Data shown —
━━━━━━━━━━━━━━━━

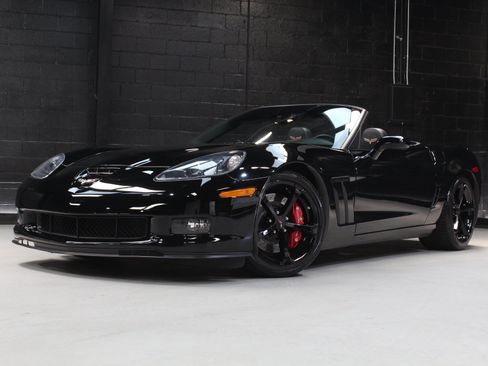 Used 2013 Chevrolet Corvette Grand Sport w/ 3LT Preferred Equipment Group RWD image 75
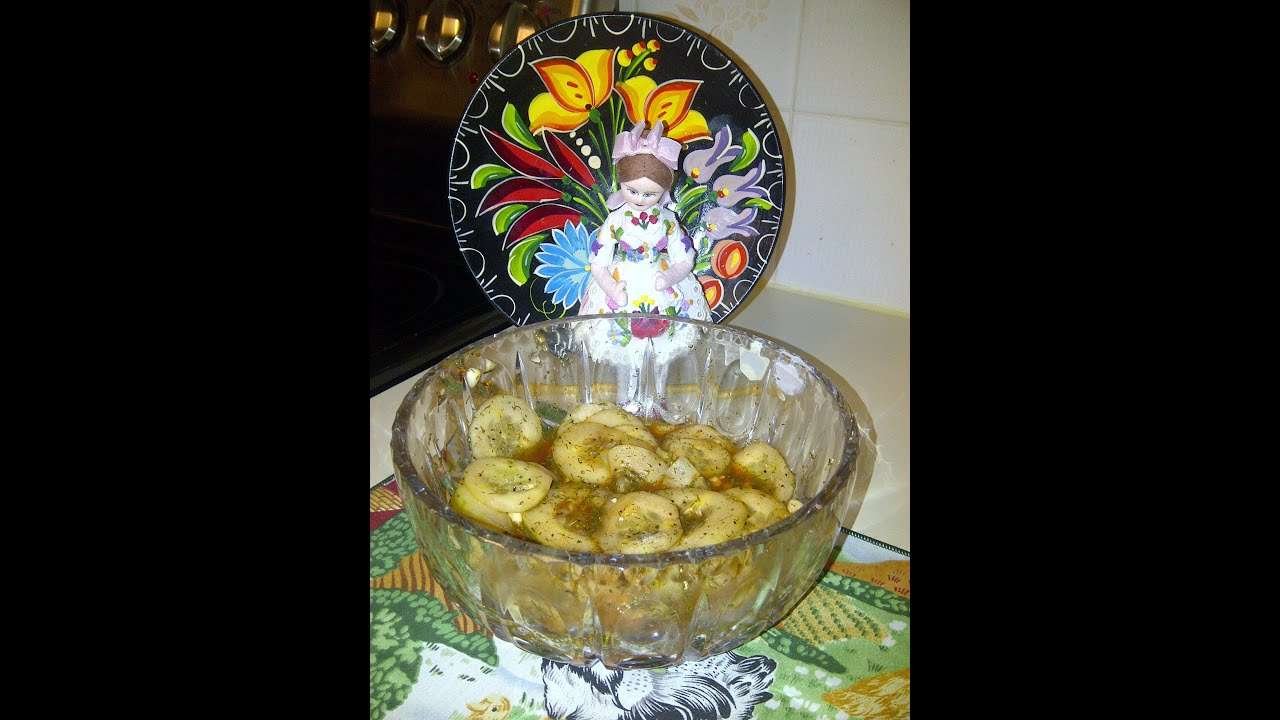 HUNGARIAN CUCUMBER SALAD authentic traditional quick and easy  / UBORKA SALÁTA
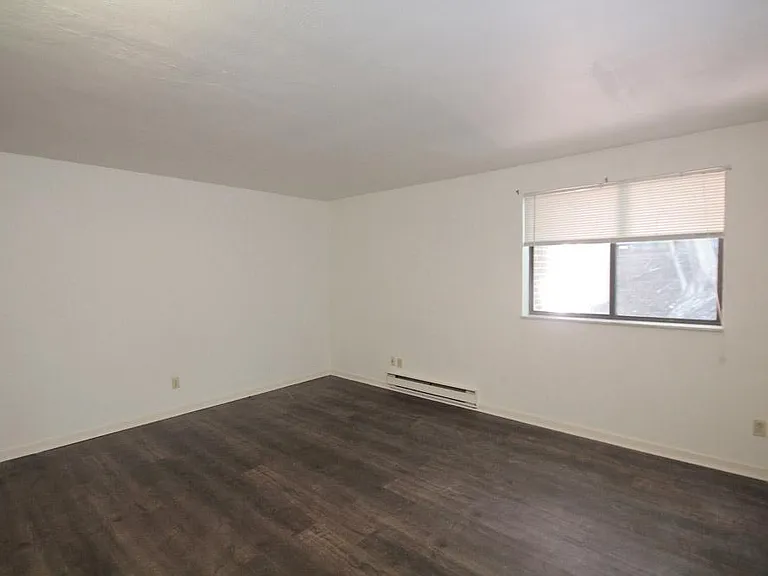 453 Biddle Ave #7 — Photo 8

━━━━━━━━━━━━━━━━

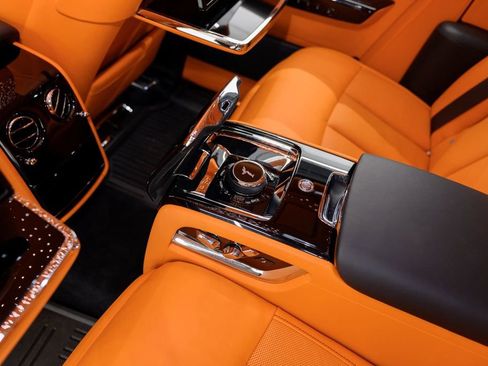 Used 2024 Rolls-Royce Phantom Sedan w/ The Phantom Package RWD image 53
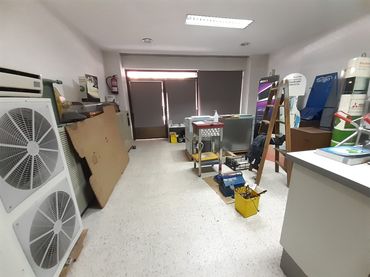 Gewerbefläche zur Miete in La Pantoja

━━━━━━━━━━━━━━━━

Problem description — Only one part of the listing is wanted: the lines from the one containing "HUNGARIAN CUCUMBER SALAD" through the one containing "453 Biddle Ave #7 — Photo 8", both included. Please transcribe it exactly, leaving out the pictures.

Written solution —
 HUNGARIAN CUCUMBER SALAD authentic traditional quick and easy  / UBORKA SALÁTA
 453 Biddle Ave #7 — Photo 8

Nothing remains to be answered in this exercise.